Karpenter is a Kubernetes Node Autoscaler built for flexibility, performance, and simplicity.

https://karpenter.sh

Apache License 2.0

6.27k stars 866 forks source link

Support AWS Warm Pools for karpenter #4354

Open myloginid opened 1 year ago

myloginid commented 1 year ago

Description

What problem are you trying to solve? Improve time for EKS autoscaling using AWS EC2 Warm Pools feature to use pre provisioned nodes that can be stopped when not in use and started faster than new ec2 instances and thus improve autoscaling time

How important is this feature to you? We are not using karepenter today so this is not as important. However this seems to be a feature that other users would also be able to utilize

References

https://docs.aws.amazon.com/autoscaling/ec2/userguide/ec2-auto-scaling-warm-pools.html#create-a-warm-pool-console

runningman84 commented 1 year ago

isn't cluster overprovisioning a solution here?

sftim commented 1 year ago

Karpenter doesn't rely on EC2 Autoscaling and is actually provider agnostic in its core. However, it's plausible to have something similar happen. Karpenter would need to launch instances that were ready to register as nodes, suspend those machines, and then defrost them on demand.

It's not a small feature, and it might be easier to write a whole new cluster autoscaler to achieve that (borrowing code and design from existing implementations).

myloginid commented 1 year ago

isn't cluster overprovisioning a solution here?

It costs too much.

ellistarn commented 1 year ago

It's not a small feature, and it might be easier to write a whole new cluster autoscaler to achieve that (borrowing code and design from existing implementations).

I'm not sure I agree with this assertion.
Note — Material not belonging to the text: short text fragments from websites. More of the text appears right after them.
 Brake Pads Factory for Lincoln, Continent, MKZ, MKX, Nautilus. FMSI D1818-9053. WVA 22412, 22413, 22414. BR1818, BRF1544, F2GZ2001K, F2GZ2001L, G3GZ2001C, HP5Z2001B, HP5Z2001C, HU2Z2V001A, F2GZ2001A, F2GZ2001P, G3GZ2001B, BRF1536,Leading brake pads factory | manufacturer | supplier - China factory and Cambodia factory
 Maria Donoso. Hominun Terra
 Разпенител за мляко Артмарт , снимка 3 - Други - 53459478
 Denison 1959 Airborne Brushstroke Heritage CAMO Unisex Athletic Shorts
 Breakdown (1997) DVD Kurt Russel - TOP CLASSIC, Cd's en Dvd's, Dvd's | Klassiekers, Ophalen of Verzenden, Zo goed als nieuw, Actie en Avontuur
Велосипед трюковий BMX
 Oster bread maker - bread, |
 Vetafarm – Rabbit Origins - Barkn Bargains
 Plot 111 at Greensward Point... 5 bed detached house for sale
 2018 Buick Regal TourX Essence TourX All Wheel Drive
It's work, but fits naturally into Karpenter if you introduce a new cloud provider concept for it.

Typically, we push users to understand why their start time is. For nitro-based EC2 instances, launch times should be ~30 seconds. If they're not, it's worth digging into the initialization logic to understand what the holdup is. Usually there are simpler solutions than boot+suspend.

sftim commented 1 year ago

@ellistarn you're thinking of someone implementing a custom Provisioner plugin that manages a pool of hibernated servers? Or maybe a provisioner backed by setting the desired size for an EC2 autoscaling group?
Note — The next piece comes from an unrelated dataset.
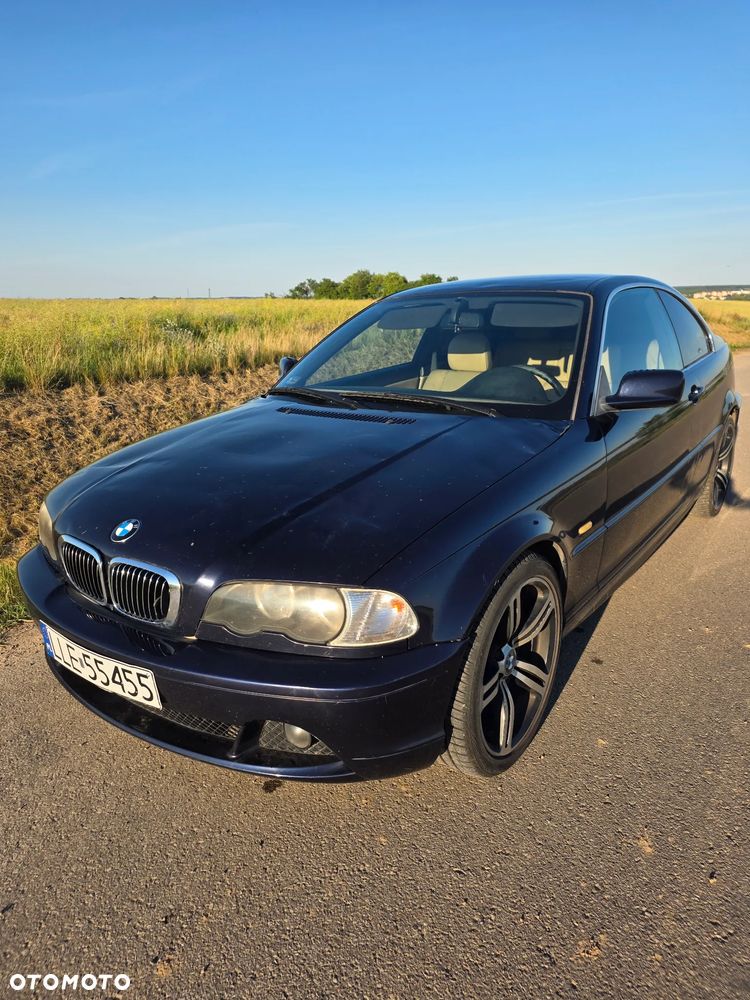 BMW Seria 3 320Ci - 11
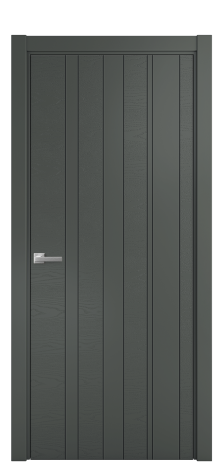 Дверь межкомнатная Lingo 02 Цвет Пихтовый Brash Покрытие Эмаль брашированная  Наличник L 75 Цена 42075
Both of those are definitely feasible!

ellistarn commented 1 year ago

We could pretty easily build a concept of Machine.hibernated into our existing CP model, and then implement it using EC2 APIs. We definitely wouldn't back it with ASGs.
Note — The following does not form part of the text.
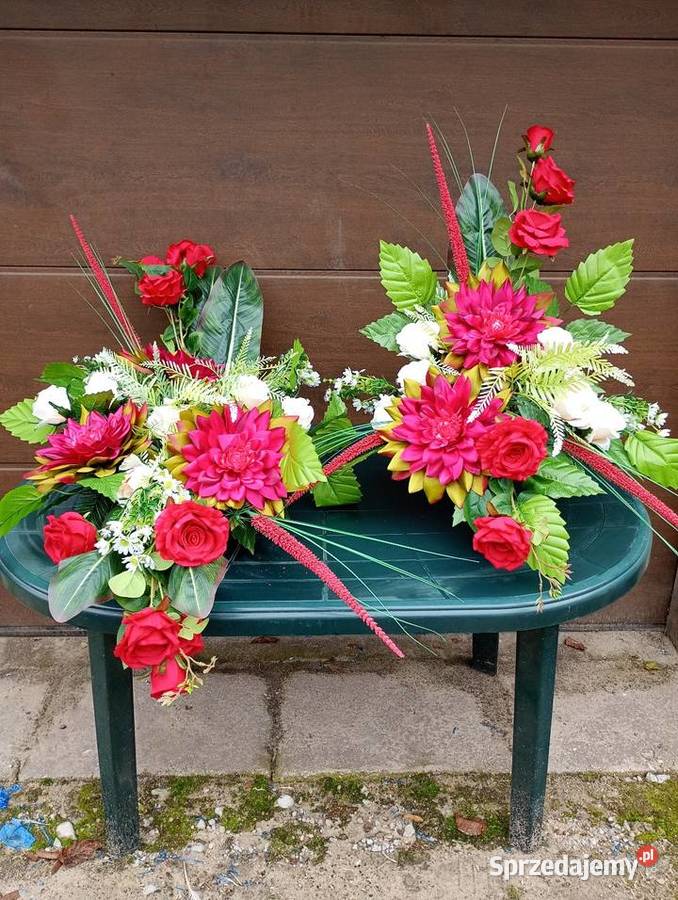 Wiązanki na wszystkich świętych Aleksandrów Łódzki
darren-recentive commented 10 months ago

@ellistarn That sounds awesome, is this feature request being tracked on anywhere so that we can follow?

CarlosDomingues commented 9 months ago

My company uses Karpenter + Knative to dynamically allocate pods. Being able to hibernate instances instead of stopping them would be a awesome!

andrewleech commented 6 months ago

I'm looking for something like this as even more critical when using Windows nodes, these can easily take 10min to startup, depending on the size of the docker image being used.

For our use case it'd be even better if nodes that have been used could be stopped rather than terminated at the end of the keepalive period, then simply restarted rather than build new from scratch.

riiv-hexagon commented 3 months ago

This would be great

Bryce-Soghigian commented 2 months ago

thomas-beznik commented 2 weeks ago

We would also greatly need this! Is there any ETA for this? Thank you!